編集部の本棚から『未来へのバトン』【門馬好春】

福島県中間貯蔵施設の不条理を読み解く

【目次】

《序章》福島原発事故、私たちの向き合い方
《第Ⅰ章》中間貯蔵施設から見えてくる、この国の姿
《第Ⅱ章》中間貯蔵施設という不都合な真実―財産権を侵害する国
《第Ⅲ章》大熊町・双葉町民の終わらない苦悩
《資料編》中間貯蔵施設及び30年地権者会に関する年表

 原発被災者は原発事故に伴う放射能汚染により避難生活を余儀なくされ、住宅や生業、生まれ育った環境や人間関係などを失った。東電や国などが進める賠償・被災者支援・復興政策は一方的で被害からの救済という点で不完全な面も多く、不満の声も漏れ聞こえてくる。

 そうした中、国との交渉を通して、理不尽な対応に正面から異を唱えてきた団体がある。原発事故で発生した除染廃棄物などを一時貯蔵する「中間貯蔵施設」の地権者団体「30年中間貯蔵施設地権者会」(門馬好春会長)だ。

 30年後の確実な土地返還を担保する契約書の作成、地上権契約(国が土地を借りて使う契約)の補償額の是正などを求め、環境省と46回にわたり団体交渉した。

 特に地上権契約に関しては、一般の公共事業に土地を提供した場合の地代よりも補償額が低く設定されており、除染の仮置き場として土地を数年間提供した地権者の方が、受け取り金額が高くなる〝逆転現象〟が起きていた。

 これを受けて、同地権者会では「公共事業の用地補償に関しては明確なルールがある」として、低く設定された地上権価格を改善するよう厳しく追及してきた。

 こうした同地権者会の活動を1冊にまとめたのが標題の書籍だ。

 同地権者会の特色は、国のペースで進められがちな交渉に「待った」をかけ、専門家の力を借りながら疑問点をぶつけていくことだ。

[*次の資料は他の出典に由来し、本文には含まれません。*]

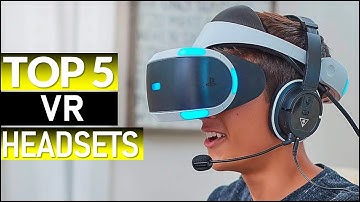 Top 5 Best VR headsets in [2025]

 同地権者会に協力してきた社会学者で東北大学名誉教授の吉原直樹氏は、聞き手として参加した門馬氏へのインタビュー企画の中で、「同地権者会が国の用地補償に対するルール設定の矛盾点をついた」と評価し《国は法律やルールを決めているのに、それらを解釈によって変更する。(中略)国としては、地上権設定よりも売買に応じてもらいたいわけですね》と解説している。

 廃炉や最終処分場整備計画の遅れから来る焦り、大規模計画による「大文字の復興」を進めたいという国の思惑が透けて見える中、当初の約束が反故にされないよう、同地権者会は国(環境省)の対応をチェックしてきた。結局、環境省との団体交渉は小泉進次郎氏が大臣を務めていた時期に打ち切られたが、住民団体が「専門知」を生かしながら国と対等に交渉していく記録は貴重だ。

 帰還困難区域の現状や今後の復興政策の見通しも論じており、最後は次の文章で締めくくられる。

 《この中間貯蔵施設の問題は沖縄の基地問題と同様に福島だけの問題ではないのです。日本全体、世界全体の問題なのです。汚染水、汚染土の問題、福一(フクイチ)原発廃炉の問題も他人事ではなく、自分の事なのです。私たちおとなは子どもたちに明るい未来のバトンを渡す責任があるのです》

 門馬氏は「書店や図書館などで扱ってもらい、子どもたちなど幅広い世代に読んでもらいたい」と語る。理不尽な目に遭ったときは知識を武器に立ち向かわなければならない――同地権者会の活動の記録はそうした姿勢を象徴するものであり、次世代にとっても大きな教訓となるはずだ。